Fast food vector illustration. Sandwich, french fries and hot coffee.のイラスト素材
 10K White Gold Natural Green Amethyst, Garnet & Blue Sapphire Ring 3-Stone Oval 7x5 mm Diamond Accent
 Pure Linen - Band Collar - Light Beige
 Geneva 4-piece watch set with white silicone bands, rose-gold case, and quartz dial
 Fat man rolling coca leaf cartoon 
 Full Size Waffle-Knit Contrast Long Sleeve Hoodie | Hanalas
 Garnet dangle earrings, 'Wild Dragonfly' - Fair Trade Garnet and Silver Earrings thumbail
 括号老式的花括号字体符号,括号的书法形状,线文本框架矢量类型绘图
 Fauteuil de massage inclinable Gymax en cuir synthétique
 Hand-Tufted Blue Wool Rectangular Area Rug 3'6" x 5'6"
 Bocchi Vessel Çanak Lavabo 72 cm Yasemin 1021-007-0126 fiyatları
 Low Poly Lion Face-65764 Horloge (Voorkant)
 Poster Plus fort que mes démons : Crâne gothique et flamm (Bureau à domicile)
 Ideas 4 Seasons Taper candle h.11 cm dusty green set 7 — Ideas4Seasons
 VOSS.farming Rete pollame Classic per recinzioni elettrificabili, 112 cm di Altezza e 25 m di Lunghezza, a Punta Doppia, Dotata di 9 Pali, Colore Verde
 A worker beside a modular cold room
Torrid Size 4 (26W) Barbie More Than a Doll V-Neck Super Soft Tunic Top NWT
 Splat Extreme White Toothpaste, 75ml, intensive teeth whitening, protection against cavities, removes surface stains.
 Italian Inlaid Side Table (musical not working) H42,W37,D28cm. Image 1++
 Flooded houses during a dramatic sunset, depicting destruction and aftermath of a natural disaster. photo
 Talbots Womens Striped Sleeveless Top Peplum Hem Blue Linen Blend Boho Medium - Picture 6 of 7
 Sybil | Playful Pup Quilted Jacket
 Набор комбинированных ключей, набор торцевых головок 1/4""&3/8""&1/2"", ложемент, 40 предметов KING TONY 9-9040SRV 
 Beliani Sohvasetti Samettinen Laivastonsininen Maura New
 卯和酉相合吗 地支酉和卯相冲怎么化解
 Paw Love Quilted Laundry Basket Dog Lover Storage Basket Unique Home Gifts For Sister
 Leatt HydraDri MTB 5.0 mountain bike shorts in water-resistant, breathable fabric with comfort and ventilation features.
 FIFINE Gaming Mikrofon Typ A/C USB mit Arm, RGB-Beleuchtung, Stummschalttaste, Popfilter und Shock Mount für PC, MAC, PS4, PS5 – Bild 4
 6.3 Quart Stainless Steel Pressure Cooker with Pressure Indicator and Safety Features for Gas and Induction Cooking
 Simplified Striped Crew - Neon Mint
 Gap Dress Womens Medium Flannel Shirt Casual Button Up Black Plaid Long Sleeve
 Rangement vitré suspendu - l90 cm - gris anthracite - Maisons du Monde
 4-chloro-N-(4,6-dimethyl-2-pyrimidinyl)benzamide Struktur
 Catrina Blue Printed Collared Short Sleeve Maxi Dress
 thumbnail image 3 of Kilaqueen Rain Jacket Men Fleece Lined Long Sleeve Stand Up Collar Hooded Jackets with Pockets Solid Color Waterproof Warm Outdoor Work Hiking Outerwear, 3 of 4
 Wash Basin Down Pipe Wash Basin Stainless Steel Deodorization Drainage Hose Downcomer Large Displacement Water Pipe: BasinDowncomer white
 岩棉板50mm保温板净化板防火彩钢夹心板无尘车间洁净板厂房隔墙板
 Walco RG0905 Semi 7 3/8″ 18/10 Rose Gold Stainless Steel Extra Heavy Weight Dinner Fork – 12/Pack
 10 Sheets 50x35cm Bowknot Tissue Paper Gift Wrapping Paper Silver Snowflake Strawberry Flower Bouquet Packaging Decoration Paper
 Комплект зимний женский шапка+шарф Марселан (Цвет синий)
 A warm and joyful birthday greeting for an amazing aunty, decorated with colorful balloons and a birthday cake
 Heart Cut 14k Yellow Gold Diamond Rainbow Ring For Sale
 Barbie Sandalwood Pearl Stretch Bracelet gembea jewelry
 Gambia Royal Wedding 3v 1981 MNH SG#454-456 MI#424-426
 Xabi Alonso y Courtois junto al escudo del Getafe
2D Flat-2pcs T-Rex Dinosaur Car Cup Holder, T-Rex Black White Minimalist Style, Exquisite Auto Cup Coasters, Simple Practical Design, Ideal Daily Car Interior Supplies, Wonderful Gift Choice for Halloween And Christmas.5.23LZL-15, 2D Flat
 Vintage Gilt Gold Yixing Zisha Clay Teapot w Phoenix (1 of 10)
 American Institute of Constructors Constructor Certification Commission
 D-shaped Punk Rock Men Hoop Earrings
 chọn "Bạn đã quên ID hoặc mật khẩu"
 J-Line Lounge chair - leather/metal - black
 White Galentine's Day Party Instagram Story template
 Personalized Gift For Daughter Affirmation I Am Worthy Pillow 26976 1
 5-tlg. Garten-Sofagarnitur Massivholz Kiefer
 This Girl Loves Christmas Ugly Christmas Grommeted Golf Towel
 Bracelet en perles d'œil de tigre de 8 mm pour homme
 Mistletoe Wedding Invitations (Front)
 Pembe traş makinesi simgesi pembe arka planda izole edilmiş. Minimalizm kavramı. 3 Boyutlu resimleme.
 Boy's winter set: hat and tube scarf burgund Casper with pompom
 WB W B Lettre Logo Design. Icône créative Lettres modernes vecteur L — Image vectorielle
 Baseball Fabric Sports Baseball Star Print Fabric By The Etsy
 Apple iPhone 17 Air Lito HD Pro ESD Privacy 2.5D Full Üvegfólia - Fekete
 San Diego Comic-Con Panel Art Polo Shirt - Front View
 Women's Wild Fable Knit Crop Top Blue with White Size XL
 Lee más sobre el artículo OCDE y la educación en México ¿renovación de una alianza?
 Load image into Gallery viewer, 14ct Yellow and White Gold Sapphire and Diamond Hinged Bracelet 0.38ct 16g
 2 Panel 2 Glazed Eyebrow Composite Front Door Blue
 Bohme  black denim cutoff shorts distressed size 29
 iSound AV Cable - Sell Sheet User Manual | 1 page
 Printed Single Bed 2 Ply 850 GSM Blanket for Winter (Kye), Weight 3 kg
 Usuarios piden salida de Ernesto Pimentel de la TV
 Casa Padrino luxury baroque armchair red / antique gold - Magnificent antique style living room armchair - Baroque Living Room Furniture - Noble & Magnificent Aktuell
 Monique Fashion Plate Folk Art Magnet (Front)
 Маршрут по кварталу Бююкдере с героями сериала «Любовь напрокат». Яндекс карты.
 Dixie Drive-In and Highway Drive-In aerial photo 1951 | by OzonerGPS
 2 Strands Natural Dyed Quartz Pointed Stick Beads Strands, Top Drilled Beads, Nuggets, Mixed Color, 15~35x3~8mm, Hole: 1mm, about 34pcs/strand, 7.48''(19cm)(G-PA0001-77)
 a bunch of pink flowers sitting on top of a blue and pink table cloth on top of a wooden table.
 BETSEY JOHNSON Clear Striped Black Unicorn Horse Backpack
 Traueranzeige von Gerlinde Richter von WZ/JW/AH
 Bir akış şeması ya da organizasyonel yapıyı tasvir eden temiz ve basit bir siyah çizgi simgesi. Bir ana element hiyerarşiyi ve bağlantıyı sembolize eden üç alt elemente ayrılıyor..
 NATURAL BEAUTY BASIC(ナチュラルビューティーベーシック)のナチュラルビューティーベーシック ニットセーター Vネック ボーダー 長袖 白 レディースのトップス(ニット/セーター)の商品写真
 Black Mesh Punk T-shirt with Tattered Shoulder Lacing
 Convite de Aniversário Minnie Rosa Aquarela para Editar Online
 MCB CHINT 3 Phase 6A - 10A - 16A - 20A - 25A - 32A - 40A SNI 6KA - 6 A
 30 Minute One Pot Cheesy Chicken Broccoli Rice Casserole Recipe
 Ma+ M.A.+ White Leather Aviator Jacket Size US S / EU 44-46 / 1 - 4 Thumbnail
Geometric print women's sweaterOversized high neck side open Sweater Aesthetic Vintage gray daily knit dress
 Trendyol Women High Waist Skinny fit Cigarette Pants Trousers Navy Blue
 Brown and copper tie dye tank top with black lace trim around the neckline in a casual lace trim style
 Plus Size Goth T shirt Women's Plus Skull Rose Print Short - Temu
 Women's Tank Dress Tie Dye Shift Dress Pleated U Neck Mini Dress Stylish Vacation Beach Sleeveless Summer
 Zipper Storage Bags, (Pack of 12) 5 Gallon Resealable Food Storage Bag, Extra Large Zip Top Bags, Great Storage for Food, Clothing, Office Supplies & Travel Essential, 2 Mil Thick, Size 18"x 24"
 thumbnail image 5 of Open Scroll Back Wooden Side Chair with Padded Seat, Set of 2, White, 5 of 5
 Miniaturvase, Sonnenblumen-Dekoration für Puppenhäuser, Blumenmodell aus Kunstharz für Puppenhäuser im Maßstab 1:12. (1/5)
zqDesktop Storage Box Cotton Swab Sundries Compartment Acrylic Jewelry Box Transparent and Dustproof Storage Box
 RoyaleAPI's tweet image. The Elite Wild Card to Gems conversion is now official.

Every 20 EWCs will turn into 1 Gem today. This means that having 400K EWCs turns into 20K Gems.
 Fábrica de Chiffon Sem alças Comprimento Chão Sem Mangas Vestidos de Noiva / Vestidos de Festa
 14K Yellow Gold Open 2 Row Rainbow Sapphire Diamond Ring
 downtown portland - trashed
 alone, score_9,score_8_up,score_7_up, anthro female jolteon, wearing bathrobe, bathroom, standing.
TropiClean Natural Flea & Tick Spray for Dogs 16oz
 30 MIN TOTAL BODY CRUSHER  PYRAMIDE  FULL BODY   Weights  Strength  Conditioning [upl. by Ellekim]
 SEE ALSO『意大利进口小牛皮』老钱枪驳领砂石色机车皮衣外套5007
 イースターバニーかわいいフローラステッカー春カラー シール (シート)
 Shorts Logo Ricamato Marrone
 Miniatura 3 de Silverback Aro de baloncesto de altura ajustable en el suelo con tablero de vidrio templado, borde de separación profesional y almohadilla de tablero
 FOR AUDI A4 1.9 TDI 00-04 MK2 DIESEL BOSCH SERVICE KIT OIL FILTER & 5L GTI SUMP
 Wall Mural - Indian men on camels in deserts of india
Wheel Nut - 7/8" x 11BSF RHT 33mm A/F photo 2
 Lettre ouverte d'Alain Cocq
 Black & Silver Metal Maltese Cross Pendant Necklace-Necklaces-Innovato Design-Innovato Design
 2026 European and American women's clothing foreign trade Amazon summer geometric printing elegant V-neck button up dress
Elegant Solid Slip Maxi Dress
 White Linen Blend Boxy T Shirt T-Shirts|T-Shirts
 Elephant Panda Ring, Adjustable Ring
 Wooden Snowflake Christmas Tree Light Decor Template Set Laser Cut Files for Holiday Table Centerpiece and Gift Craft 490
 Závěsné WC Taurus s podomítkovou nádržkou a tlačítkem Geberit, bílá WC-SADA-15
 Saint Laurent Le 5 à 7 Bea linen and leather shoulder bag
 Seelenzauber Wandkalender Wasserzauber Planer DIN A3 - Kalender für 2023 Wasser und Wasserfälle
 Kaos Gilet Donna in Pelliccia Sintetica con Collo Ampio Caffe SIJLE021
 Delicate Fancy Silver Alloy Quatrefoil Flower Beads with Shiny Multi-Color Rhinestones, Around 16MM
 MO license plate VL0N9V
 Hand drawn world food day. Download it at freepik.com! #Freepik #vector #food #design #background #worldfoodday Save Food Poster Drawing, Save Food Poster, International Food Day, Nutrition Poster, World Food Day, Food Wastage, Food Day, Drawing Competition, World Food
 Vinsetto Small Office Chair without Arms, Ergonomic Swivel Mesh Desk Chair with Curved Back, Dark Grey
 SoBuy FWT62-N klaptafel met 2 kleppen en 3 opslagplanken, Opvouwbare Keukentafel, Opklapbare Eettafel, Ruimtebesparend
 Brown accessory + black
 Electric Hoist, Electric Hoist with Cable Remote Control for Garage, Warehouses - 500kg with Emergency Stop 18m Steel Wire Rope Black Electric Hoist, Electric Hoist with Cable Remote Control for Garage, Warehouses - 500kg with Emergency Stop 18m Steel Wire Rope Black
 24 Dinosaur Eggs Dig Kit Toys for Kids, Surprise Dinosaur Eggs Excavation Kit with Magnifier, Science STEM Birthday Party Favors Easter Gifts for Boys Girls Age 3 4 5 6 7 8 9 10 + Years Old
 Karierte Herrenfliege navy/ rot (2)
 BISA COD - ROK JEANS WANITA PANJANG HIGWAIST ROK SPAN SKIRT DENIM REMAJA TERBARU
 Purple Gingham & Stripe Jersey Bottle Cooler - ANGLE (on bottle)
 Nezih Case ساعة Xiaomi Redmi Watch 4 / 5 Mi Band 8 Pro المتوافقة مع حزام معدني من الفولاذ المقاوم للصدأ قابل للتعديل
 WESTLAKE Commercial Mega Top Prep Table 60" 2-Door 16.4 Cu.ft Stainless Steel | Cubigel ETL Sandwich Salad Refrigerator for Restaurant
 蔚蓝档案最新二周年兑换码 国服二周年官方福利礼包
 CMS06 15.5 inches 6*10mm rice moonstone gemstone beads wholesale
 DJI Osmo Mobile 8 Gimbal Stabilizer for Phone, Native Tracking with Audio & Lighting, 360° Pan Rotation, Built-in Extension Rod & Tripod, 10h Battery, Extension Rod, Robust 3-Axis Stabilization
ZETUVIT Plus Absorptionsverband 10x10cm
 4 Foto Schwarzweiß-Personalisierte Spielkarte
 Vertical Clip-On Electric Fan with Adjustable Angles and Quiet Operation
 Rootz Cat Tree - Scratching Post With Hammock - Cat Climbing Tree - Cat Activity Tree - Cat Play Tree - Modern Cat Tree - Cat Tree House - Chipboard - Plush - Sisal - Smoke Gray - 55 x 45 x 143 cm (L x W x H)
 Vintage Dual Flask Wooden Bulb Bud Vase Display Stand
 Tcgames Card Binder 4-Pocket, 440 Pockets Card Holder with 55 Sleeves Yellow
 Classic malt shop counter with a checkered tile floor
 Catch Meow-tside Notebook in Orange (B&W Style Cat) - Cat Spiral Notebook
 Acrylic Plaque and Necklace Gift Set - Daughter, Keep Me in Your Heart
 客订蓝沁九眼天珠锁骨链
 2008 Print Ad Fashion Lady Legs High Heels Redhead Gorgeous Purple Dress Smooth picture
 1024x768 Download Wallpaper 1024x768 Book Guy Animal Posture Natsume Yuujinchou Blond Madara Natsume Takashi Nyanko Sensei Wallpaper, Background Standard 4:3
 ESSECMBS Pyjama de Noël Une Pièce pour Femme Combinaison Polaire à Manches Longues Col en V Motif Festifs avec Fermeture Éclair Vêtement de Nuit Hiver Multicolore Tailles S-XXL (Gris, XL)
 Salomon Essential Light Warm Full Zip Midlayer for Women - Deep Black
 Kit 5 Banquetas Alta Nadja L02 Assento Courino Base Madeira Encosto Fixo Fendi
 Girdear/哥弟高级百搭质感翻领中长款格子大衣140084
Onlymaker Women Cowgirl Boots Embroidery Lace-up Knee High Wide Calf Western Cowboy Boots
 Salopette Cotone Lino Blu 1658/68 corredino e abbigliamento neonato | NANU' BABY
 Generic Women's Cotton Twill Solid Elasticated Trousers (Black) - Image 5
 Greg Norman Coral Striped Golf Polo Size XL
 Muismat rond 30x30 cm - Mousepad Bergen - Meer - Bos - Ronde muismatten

+++

• Task to carry out:
In the listing above, locate the line with "4 Foto Schwarzweiß-Personalisierte" and the line with "Greg Norman Coral Striped Golf Polo Size XL", then extract exactly those lines and every line between them, and nothing more.

• Written response:
 4 Foto Schwarzweiß-Personalisierte Spielkarte
 Vertical Clip-On Electric Fan with Adjustable Angles and Quiet Operation
 Rootz Cat Tree - Scratching Post With Hammock - Cat Climbing Tree - Cat Activity Tree - Cat Play Tree - Modern Cat Tree - Cat Tree House - Chipboard - Plush - Sisal - Smoke Gray - 55 x 45 x 143 cm (L x W x H)
 Vintage Dual Flask Wooden Bulb Bud Vase Display Stand
 Tcgames Card Binder 4-Pocket, 440 Pockets Card Holder with 55 Sleeves Yellow
 Classic malt shop counter with a checkered tile floor
 Catch Meow-tside Notebook in Orange (B&W Style Cat) - Cat Spiral Notebook
 Acrylic Plaque and Necklace Gift Set - Daughter, Keep Me in Your Heart
 客订蓝沁九眼天珠锁骨链
 2008 Print Ad Fashion Lady Legs High Heels Redhead Gorgeous Purple Dress Smooth picture
 1024x768 Download Wallpaper 1024x768 Book Guy Animal Posture Natsume Yuujinchou Blond Madara Natsume Takashi Nyanko Sensei Wallpaper, Background Standard 4:3
 ESSECMBS Pyjama de Noël Une Pièce pour Femme Combinaison Polaire à Manches Longues Col en V Motif Festifs avec Fermeture Éclair Vêtement de Nuit Hiver Multicolore Tailles S-XXL (Gris, XL)
 Salomon Essential Light Warm Full Zip Midlayer for Women - Deep Black
 Kit 5 Banquetas Alta Nadja L02 Assento Courino Base Madeira Encosto Fixo Fendi
 Girdear/哥弟高级百搭质感翻领中长款格子大衣140084
Onlymaker Women Cowgirl Boots Embroidery Lace-up Knee High Wide Calf Western Cowboy Boots
 Salopette Cotone Lino Blu 1658/68 corredino e abbigliamento neonato | NANU' BABY
 Generic Women's Cotton Twill Solid Elasticated Trousers (Black) - Image 5
 Greg Norman Coral Striped Golf Polo Size XL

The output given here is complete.